*** Block opens ***

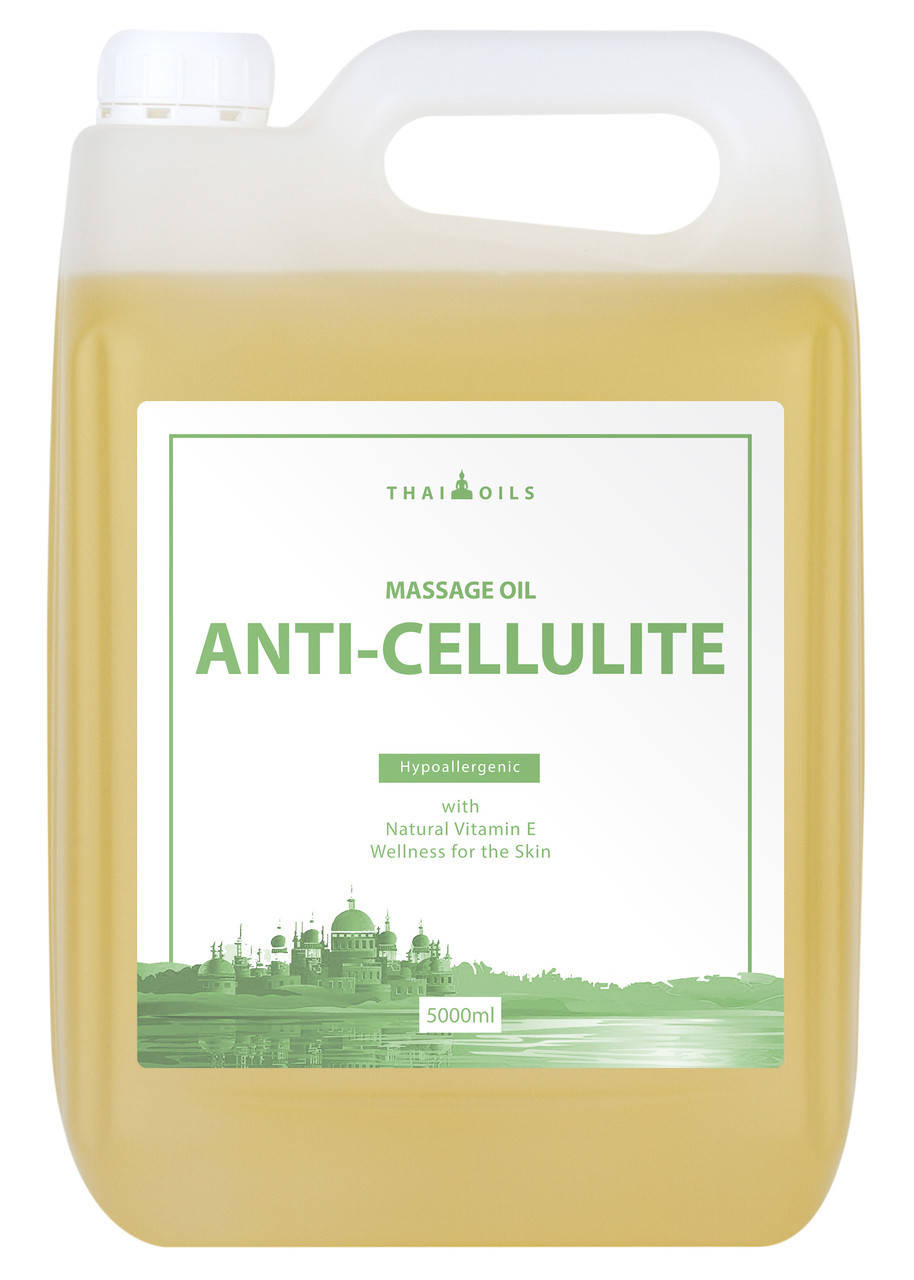 

Профессиональное массажное масло “Anti-cellulite” 5 литров, антицеллюлитное для массажа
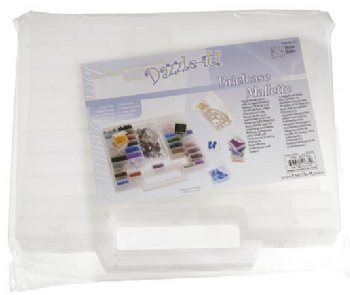 53 Box Plastic Storage Briefcase Organizer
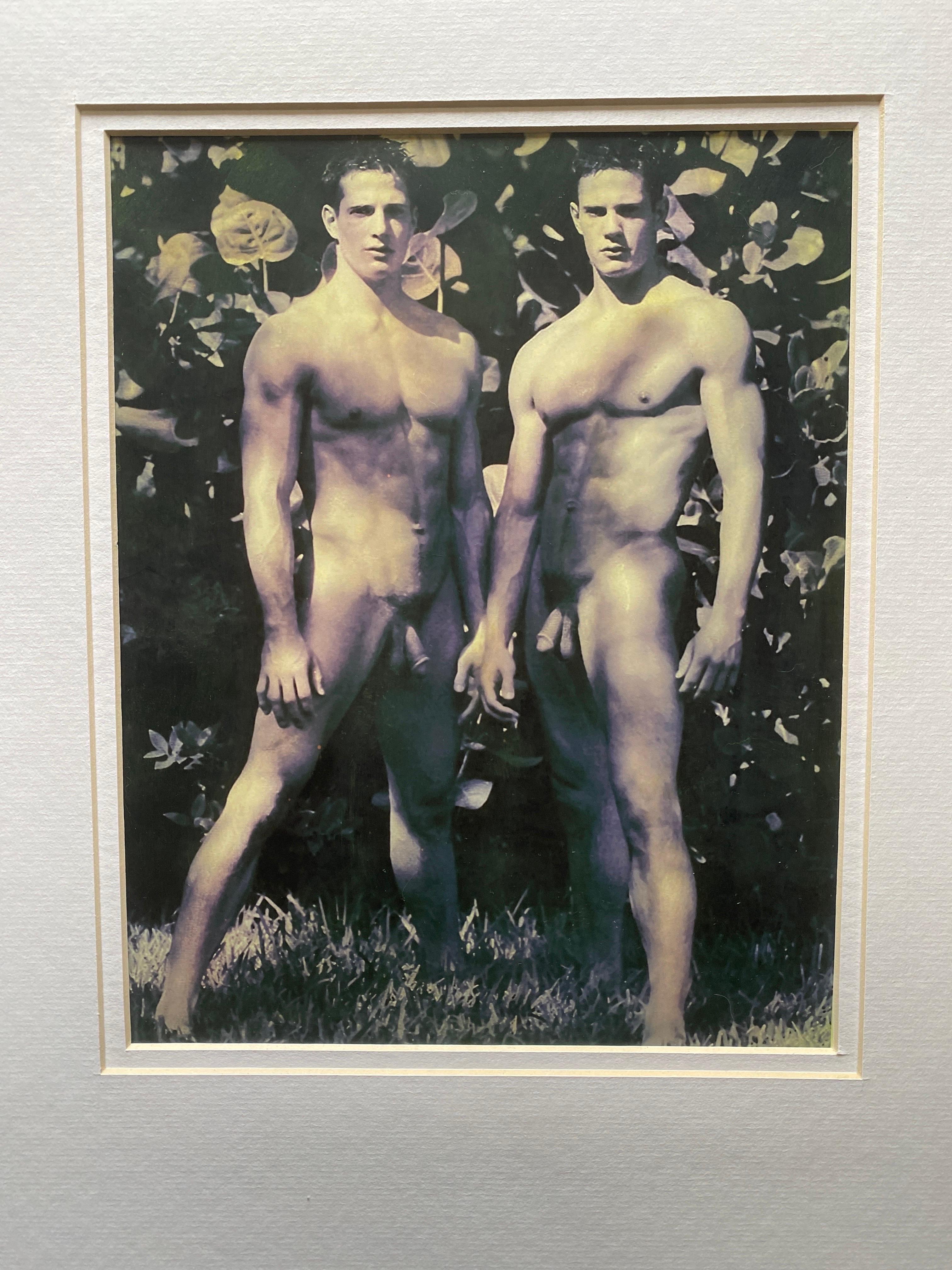 XXIe siècle et contemporain Impression Bruce Weber des Carlson Twins, 2000, ton sur ton, nu masculin mat et mat n° 2 en vente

*** Block closes ***

WORK TO COMPLETE = Would you transcribe all of the data exactly, omitting any pictures?

SOLUTION FOR THIS EXERCISE =
Профессиональное массажное масло “Anti-cellulite” 5 литров, антицеллюлитное для массажа
 53 Box Plastic Storage Briefcase Organizer
 XXIe siècle et contemporain Impression Bruce Weber des Carlson Twins, 2000, ton sur ton, nu masculin mat et mat n° 2 en vente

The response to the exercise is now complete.